Le Premier ministre Louis Lansana Beavogui devient président par intérim, mais une semaine plus tard, le 3 avril 1984, l'armée prend le pouvoir par un coup d'État. Le colonel Lansana Conté devient le nouveau chef de l'État, mettant fin à 26 ans de règne du PDG.

Les nouvelles autorités libèrent environ 1 000 prisonniers politiques et ferment le camp Boiro, symbole de la répression sous Sékou Touré.

Hommages

Malgré la controverse entourant son régime, Sékou Touré reste une figure importante de l'histoire guinéenne et africaine. Plusieurs lieux portent son nom :

  • L'aéroport international de Conakry a été rebaptisé aéroport international Ahmed-Sékou-Touré en 2021
  • Le palais présidentiel de Guinée est appelé Palais Sékhoutouréya
  • Des rues portent son nom dans plusieurs villes africaines (Accra, Cotonou)

Prix et récompenses

  • Prix Lénine pour la paix (1960)
  • Grand croix de l'ordre du Mérite de la Guinée
  • Grand croix de la Légion d'honneur (France)

Vie Privée

Ahmed Sékou Touré était marié à Andrée Touré (de 1953 à sa mort en 1984). Ils ont eu deux enfants : Aminata et Mohamed.

Publications

Sékou Touré a été un auteur prolifique, publiant de nombreux ouvrages sur sa vision politique et économique. Parmi ses œuvres les plus connues :

  • "L'Afrique en marche"
  • "Révolution et religion"
  • "Expérience guinéenne et unité africaine"
  • "Stratégie et tactique de la révolution"
  • "Des États-Unis d'Afrique"

Il a également publié un recueil de poèmes.

Conclusion

Ahmed Sékou Touré reste une figure complexe et controversée de l'histoire africaine. Premier président de la Guinée indépendante, il a joué un rôle crucial dans la lutte contre le colonialisme et la promotion du panafricanisme. Son régime a connu des évolutions importantes, passant du marxisme au libéralisme économique.

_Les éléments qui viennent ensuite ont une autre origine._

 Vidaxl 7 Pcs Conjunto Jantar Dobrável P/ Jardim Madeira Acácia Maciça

Cependant, son bilan est assombri par la répression politique et les violations des droits de l'homme qui ont marqué son règne. La Guinée sous Sékou Touré a connu des avancées en matière d'éducation, de santé et d'infrastructure, mais aussi des difficultés économiques persistantes liées à la mauvaise gestion et à l'isolement international.

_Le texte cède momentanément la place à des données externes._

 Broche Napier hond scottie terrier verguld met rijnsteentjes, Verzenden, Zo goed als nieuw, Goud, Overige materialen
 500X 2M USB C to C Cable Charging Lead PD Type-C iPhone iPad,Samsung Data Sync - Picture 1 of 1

L'héritage de Sékou Touré continue de susciter des débats en Guinée et au-delà. Si certains le célèbrent comme un héros de l'indépendance et un leader panafricain visionnaire, d'autres soulignent les dérives autoritaires de son régime. Son parcours illustre les défis auxquels ont été confrontés de nombreux leaders africains post-indépendance, entre aspirations au développement, affirmation de la souveraineté nationale et tentation du pouvoir personnel.

Aujourd'hui, la figure de Sékou Touré reste incontournable pour comprendre l'histoire de la Guinée et les dynamiques politiques de l'Afrique post-coloniale. Son influence se fait encore sentir dans la vie politique guinéenne, plus de trois décennies après sa disparition.